The good news is that we have already started along this route. A significant step toward inclusive justice is being made possible by the Supreme Court's SUVAS (Supreme Court Vidhik Anuvaad Software), a machine learning-powered translation technology that makes rulings available to individuals in their native tongue. This has made it possible for a farmer in rural Maharashtra to read a Supreme Court ruling in Marathi rather than having to struggle with English. SUPACE (Supreme Court Portal for Assistance in Court Efficiency) is another such instrument. Established under the direction of former Chief Justice of India S.A. Bobde, SUPACE compiles pertinent laws and data and presents them in an understandable manner. Instead of making choices, it calculates information to help judges make decisions and reduce their effort.

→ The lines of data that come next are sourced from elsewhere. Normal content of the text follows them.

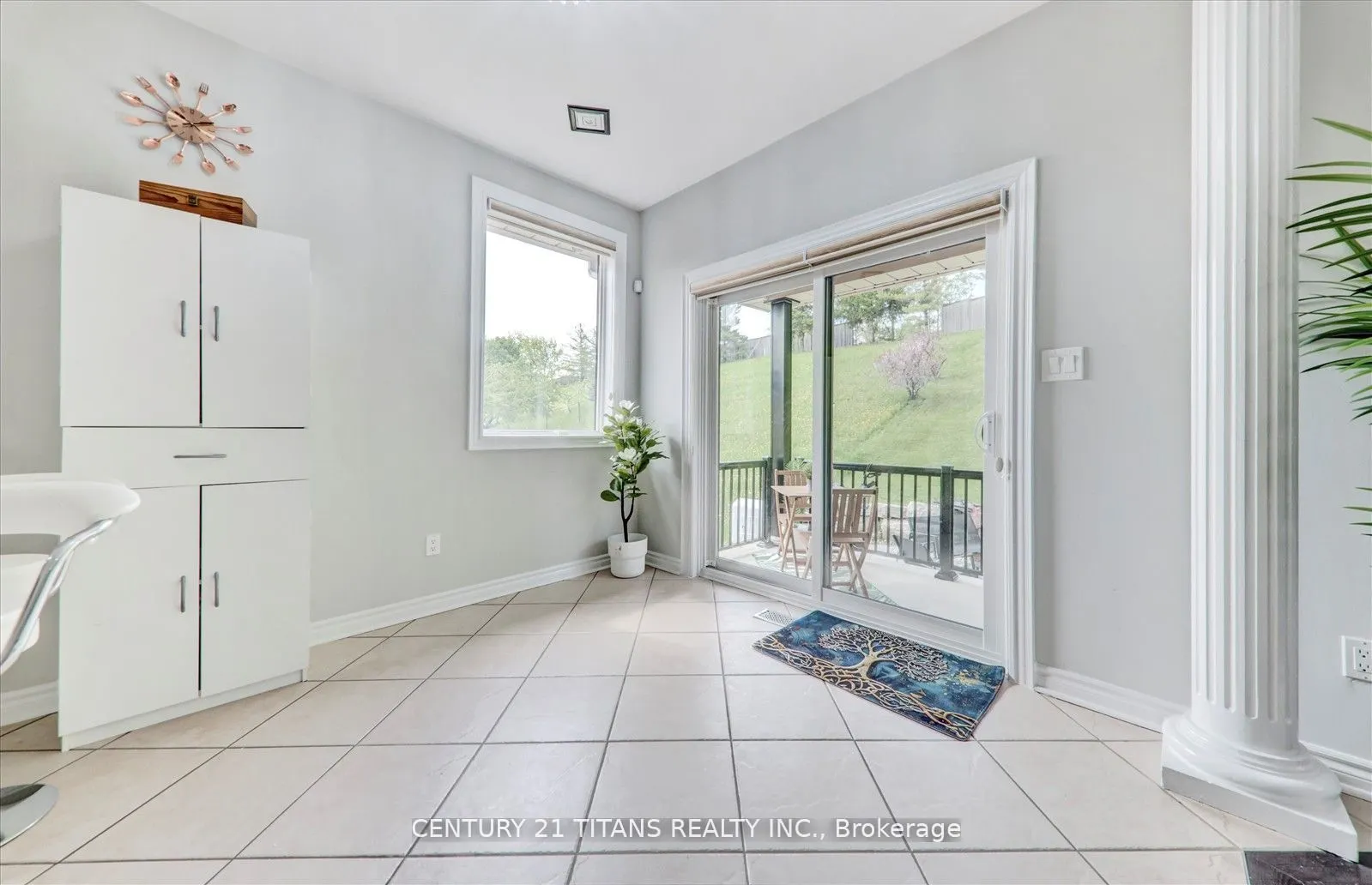 577 Royalpark Way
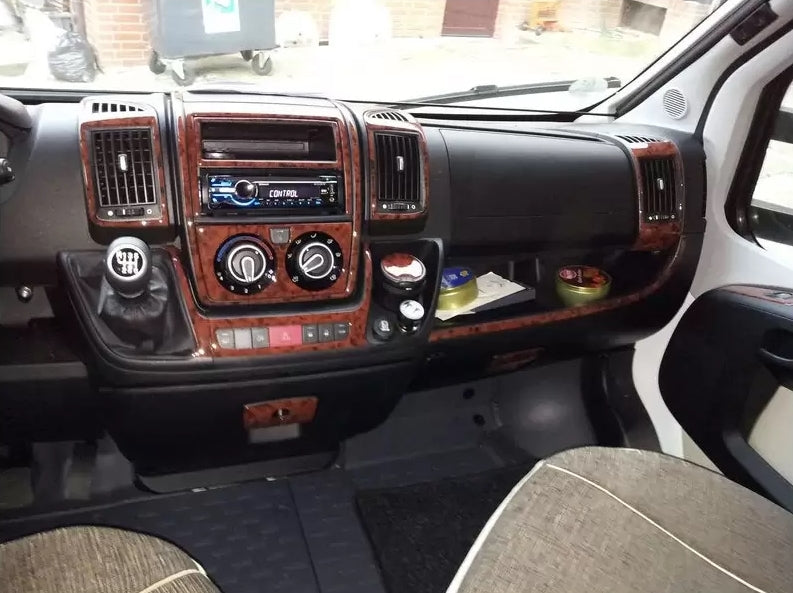 Σετ αυτοκόλλητων επένδυσης ταμπλό σιλικόνης σε όψη ξύλου μαονιού – κατάλληλο για Fiat Ducato, Citroen Jumper, Peugeot Boxer 2006–2014, 22 τεμάχια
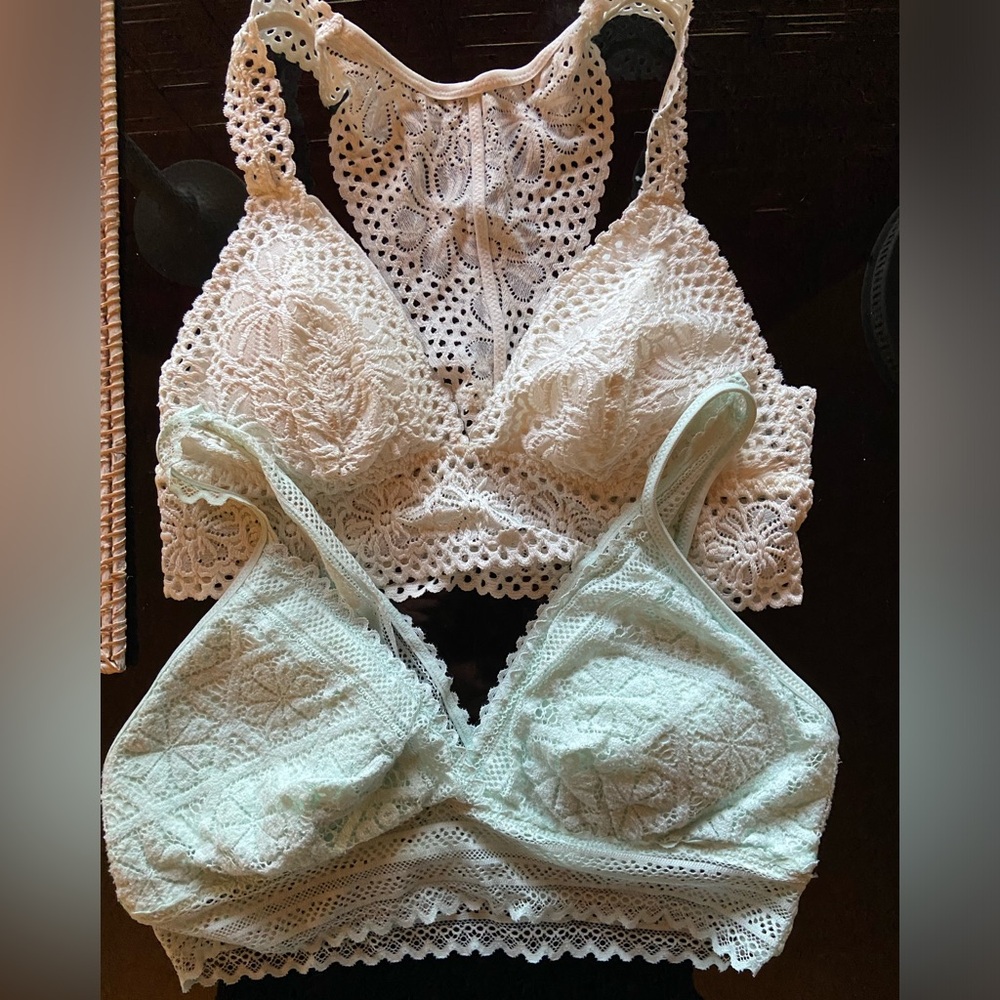 2 Aerie Bra Bralettes Medium Cream Teal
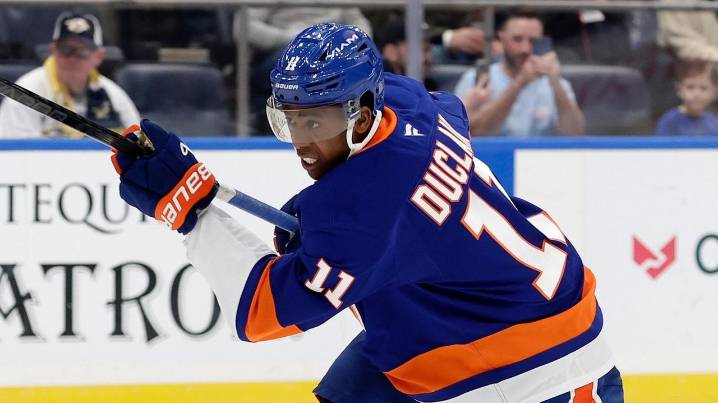 Islanders' Anthony Duclair and Patrick Roy have cleared the air after 'miscommunication'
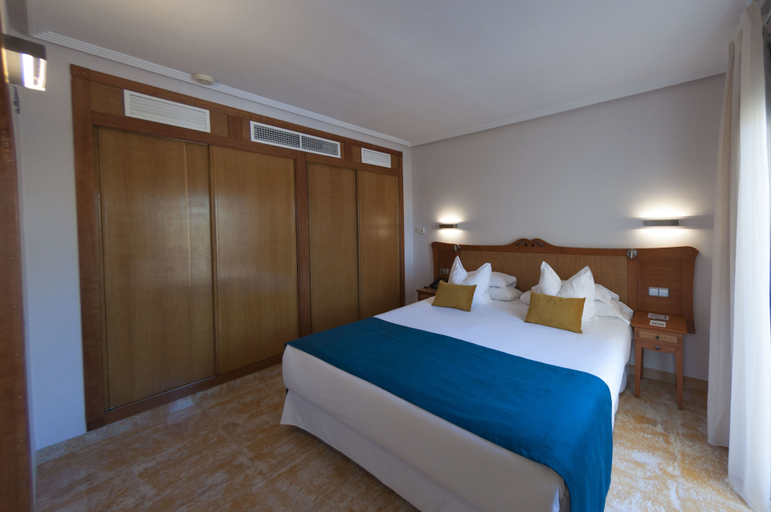 Bedroom 3, Hotel La Laguna Spa & Golf, Alicante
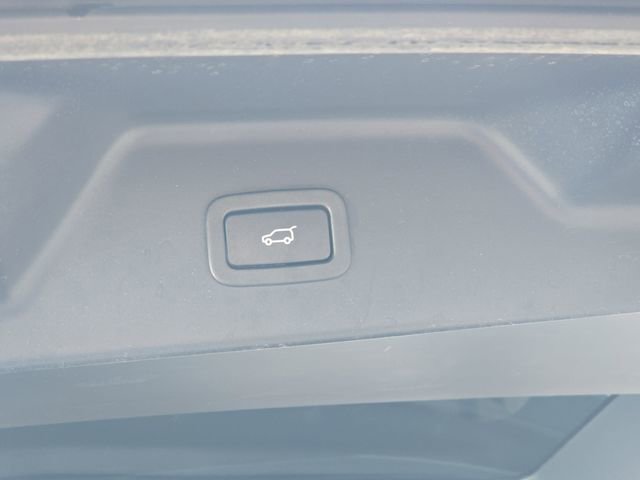 Used 2021 Land Rover Range Rover Autobiography Fifty Edition AWD/4WD image 16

ML might be impressive, but it can’t do everything. It’s very true- change isn’t always easy. Even now, courts often stick to using paper for their records and resist trying other ways. Until we put these systems online, the best ML tools cannot achieve much. Quality problems with data also cause big issues. Many documents from court cases are written by hand and very often incomplete, without any online records. Even advanced technology is troubled by gaps and messes in data. Hence, we would need to clean up the data if we want ML to assist us. A future-ready system can only be built when we have the speed and transparency needed for justice. Conclusion If we do not speed up, it will be 300 years before we remove all the problems waiting to be tackled. That means justice was delayed for 300 years- longer than India has been a nation. Rather than eliminating human judges, machine learning will allow judges to focus more on their job of meting out justice. Getting this right helps us work more quickly, gains the trust of the community and offers hope to individuals waiting for justice. This is a future that we have reason to pursue. Technology is available for us. Things are happening so fast that change is necessary. Now we have to ask if we can act fast enough to keep the system as swift as justice calls for.